Stored items:
----

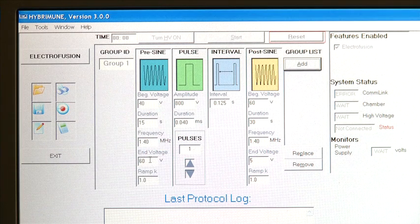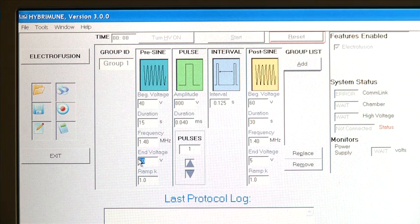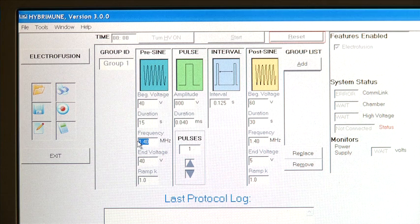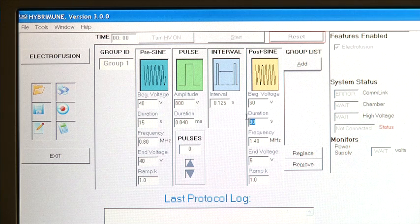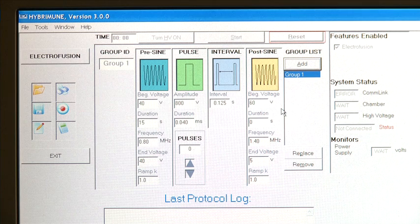To program a two-step electrofusion, set the beginning pre-sign voltage to 40 volts and the end voltage to 40 volts, with a pulse duration of 15 seconds and a frequency of 0.8 MHz. Set the high voltage pulse to zero and the post-sign to zero. Go to the group list and click Add. Group 1 is added.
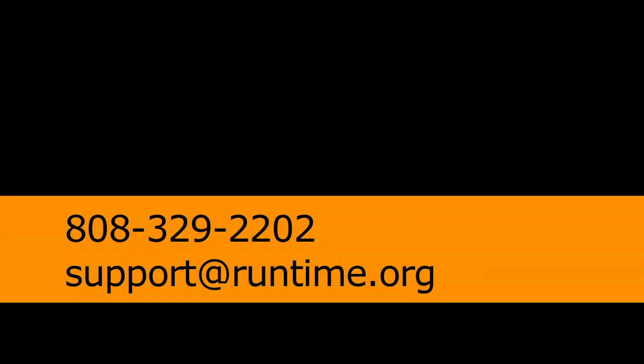If you get a message that the correct drive order was not found, or you find the correct order but no data is shown in the recovery, contact us by phone at 808-329-2202 or email us at support@runtime.org so we can help you determine what the problem may be.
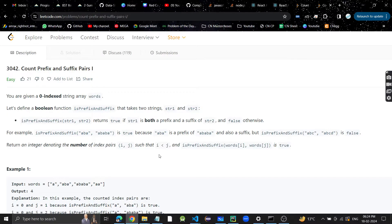Hey guys, welcome or welcome back to my YouTube channel. Today we are going to discuss the problem 'Count Prefix and Suffix Pairs.' Let's quickly read the problem and then go forward with the approach.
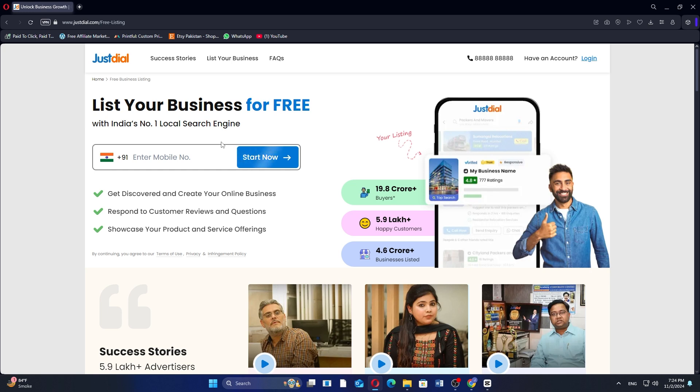You'll receive further instructions to complete your account setup. Follow those steps to finish creating your account and start promoting your business on Just Dial.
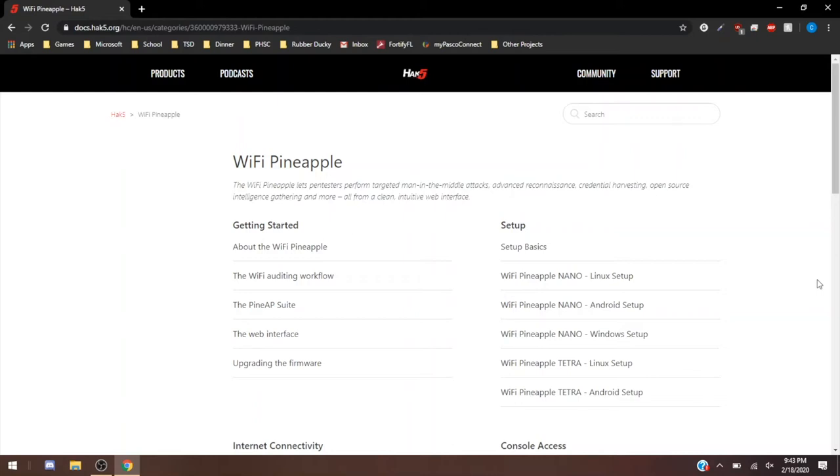Hey guys, what's going on? Today we are going to be reviewing the Wi-Fi Pineapple from Hack5.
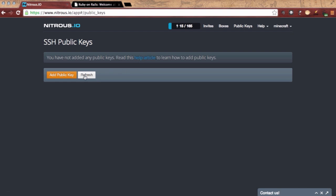Here's where I add public keys for access to my boxes. Again, there's excellent help documentation to guide you through the process.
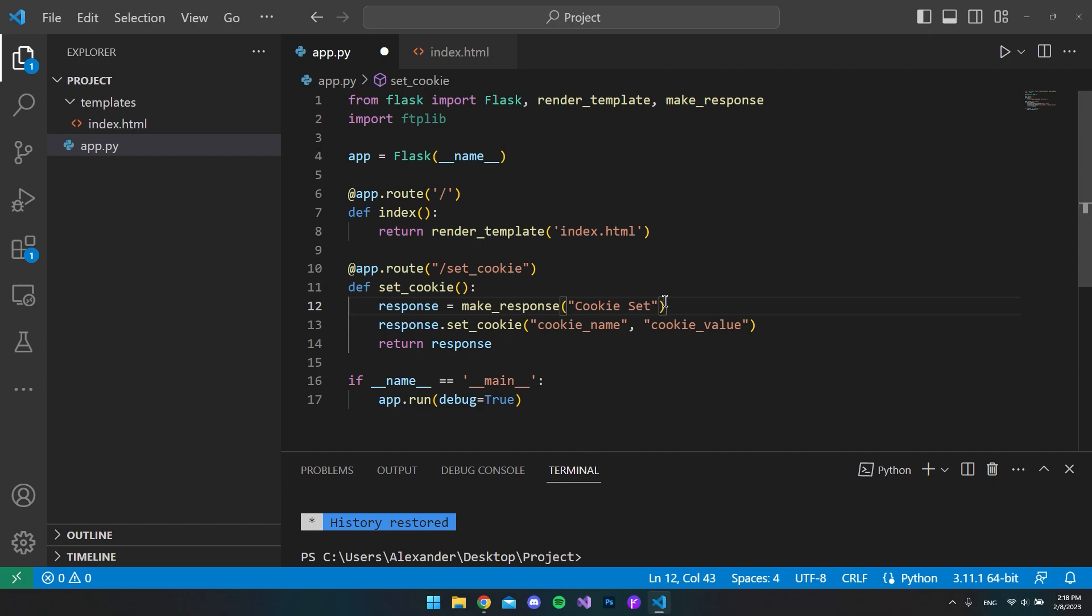So we can actually go and test this now. So we run the application. And now you can see because we don't have any HTML inside our webpage, so it's just a blank page. But I am inside our localhost with the port of 5000. And just to show you that it works, I will open my check my cookie extension here in Chrome.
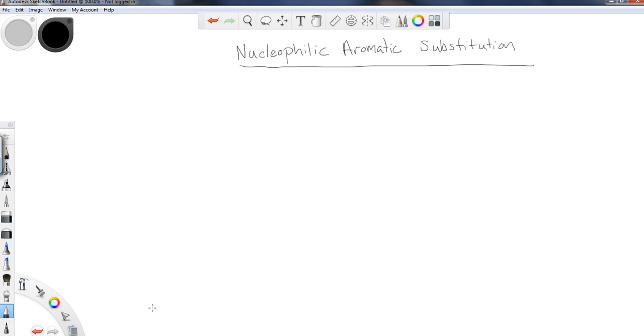Hi there, everybody. Welcome back to another online lecture for the Organic Chemistry Chem Complete series.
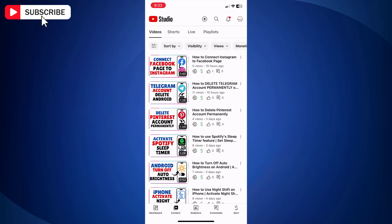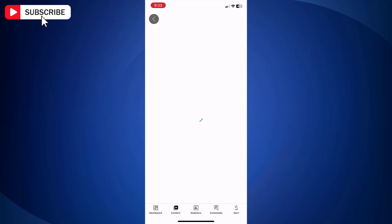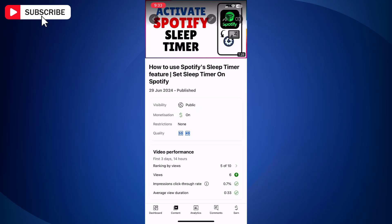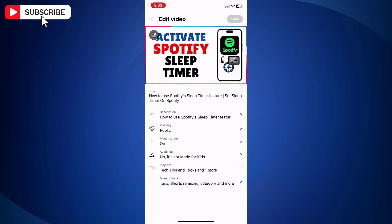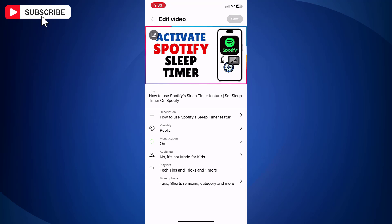Now tap on the video to open it. Now tap the pencil icon, which is for edit, at the top. At the moment, this video visibility is set as public.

----

Description of the task: Transcribe only the lines above that start at the line containing "Hey guys, what's" and end at the line containing "Here's where I". Omit pictures.

Result of this task:
Hey guys, what's going on? Today we are going to be reviewing the Wi-Fi Pineapple from Hack5.
Here's where I add public keys for access to my boxes. Again, there's excellent help documentation to guide you through the process.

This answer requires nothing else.